Não era a minha intenção. Mas, quando aprendi a primeira manobra, brincando no Pinheirinho, bairro de Curitiba, percebi que podia ir longe. Acordava cedo e ficava até tarde treinando. Fui conhecendo as técnicas e a cultura do skate.
Fora as dificuldades de competidor iniciante, que obstáculos você encarou num país ainda precário ao esporte adaptado?
Nunca fiz da deficiência um limitador. Sempre procurei competir de igual para igual, até porque não existia paraskate. No início, claro, é mais difícil. Na minha primeira competição, em 2013, eu só sabia três manobras. Competi na base da emoção. A minha família me apoiou, e me apoia, decisivamente.
Que inspirações você cultiva do universo familiar?
Quando meu pai faleceu, fiquei desanimado a ponto de quase desistir da minha estreia em competições. Minha mãe e meus irmãos me reanimaram, e eu acabei virando profissional. Eles são a grande inspiração. Leandro, o irmão mais novo, até esboçou seguir meus passos, mas a vida tomou outros rumos.
Com a rotina de treinos e competições, você segue madrugador?
Sim, hoje minha agenda é extensa. Fora treinos e competições, inclui muitas gravações e viagens. Acordo cedo, tomo café e organizo meu dia para treinar à tarde, na academia e nas pistas. Procuro andar em várias pistas, para evitar zonas de conforto e me aperfeiçoar constantemente.
Esse empenho se reflete em sucessivos pódios, inclusive no X-Games. Qual a sua principal virtude esportiva?
Intensidade.
E os principais perrengues?
As lesões frequentes. Elas viram um costume. O skatista se habitua a cair e levantar, seguir adiante. Isso nos inspira. Em 2019, por exemplo, quebrei a mão numa terça, descendo um corrimão, e no sábado já estava numa competição em Minneapolis, nos Estados Unidos. Até fui bem. Fiquei em segundo.

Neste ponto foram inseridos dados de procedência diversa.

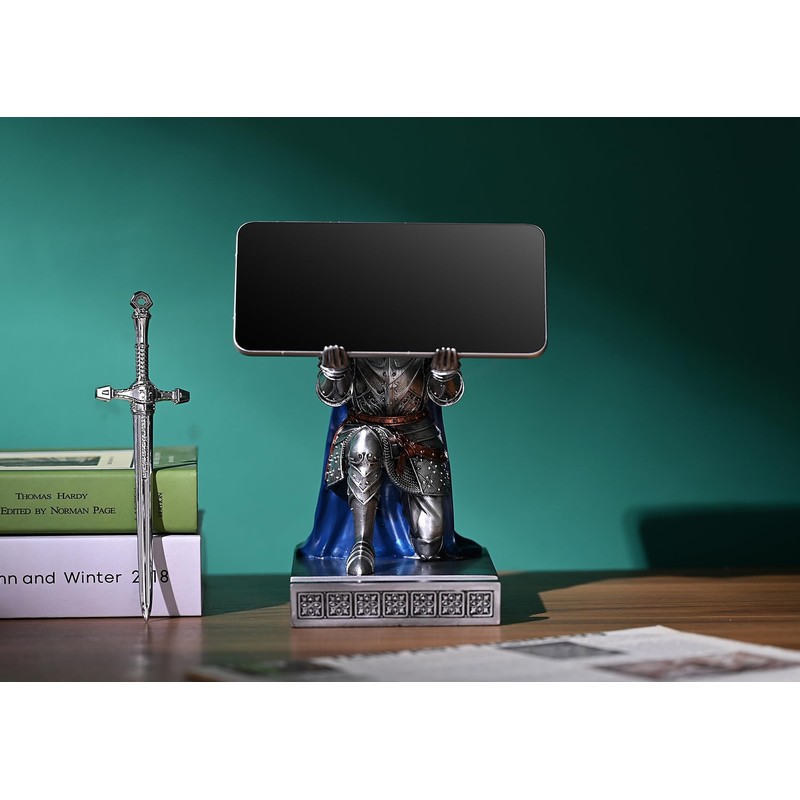 HDMbigmi King's Guard Leader Cloak Warrior Knight Pen Holder Mobile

Seus pódios e sua história atraíram grandes marcas e reconhecimento internacional, inclusive do multicampeão Tony Hawk. Você esperava tanto sucesso?
Nem nos meus sonhos. Vivia jogando o game do Tony (Tony Hawk’s Pro Skater). Não acreditei quando ele me convidou para participar de um vídeo. O [skatista] Rodrigo Leal foi outro incentivador importante. Fez uma vaquinha para eu disputar uma prova internacional, em 2018. O Tony participou. Aí eu o conheci pessoalmente.
A admiração do Tony transformou-se em apoio sistemático. Que importância material e simbólica isso tem na sua carreira?
Tony me apadrinhou. Ele passou a me ajudar num milhão de coisas. Agitou vários patrocínios e oportunidades profissionais, como integrar a marca dele (Boardhouse), e me presenteou com pernas mecânicas. Viramos amigos.
A projeção mundial rendeu até participação no novo clipe do Metallica. Como rolou essa história?
Outra surpresa. Fiquei amarradão. A banda achou que a minha história combinava com a música “Too far gone?”. Então me convidou para participar do clipe. Eu precisava encaminhar as imagens pedidas em dois dias. Tinha algumas no meu acervo pessoal. As outras eu gravei, de forma relâmpago, em São Paulo. Não conseguiria nenhuma dessas façanhas sem o apoio do Davison Fortunato, meu team manager (gerente de carreira). Somos parceiros de equipe e amigos.
Você curte rock?
Sim, gosto de rock e de rap. Nos treinos mais puxados, ouço rock.
Falando em treinos puxados, você está otimista para voltar a vencer no STU do Rio, como fez no ano passado?
Estou treinando para isso, com muitas manobras em mente. Imagino que tenha boas chances nesta e em outras competições.
De quebra, você vai curtir as belezas cariocas?
Adoraria. Ainda não conheço o Cristo, o Pão de Açúcar. Vai ficar para outra vez. Combinei de encontrar o Tony depois do STU. Vida corrida.
Essa correria ruma para o sonho olímpico?
Claro, é o grande sonho. Quero disputar os Jogos de 2028.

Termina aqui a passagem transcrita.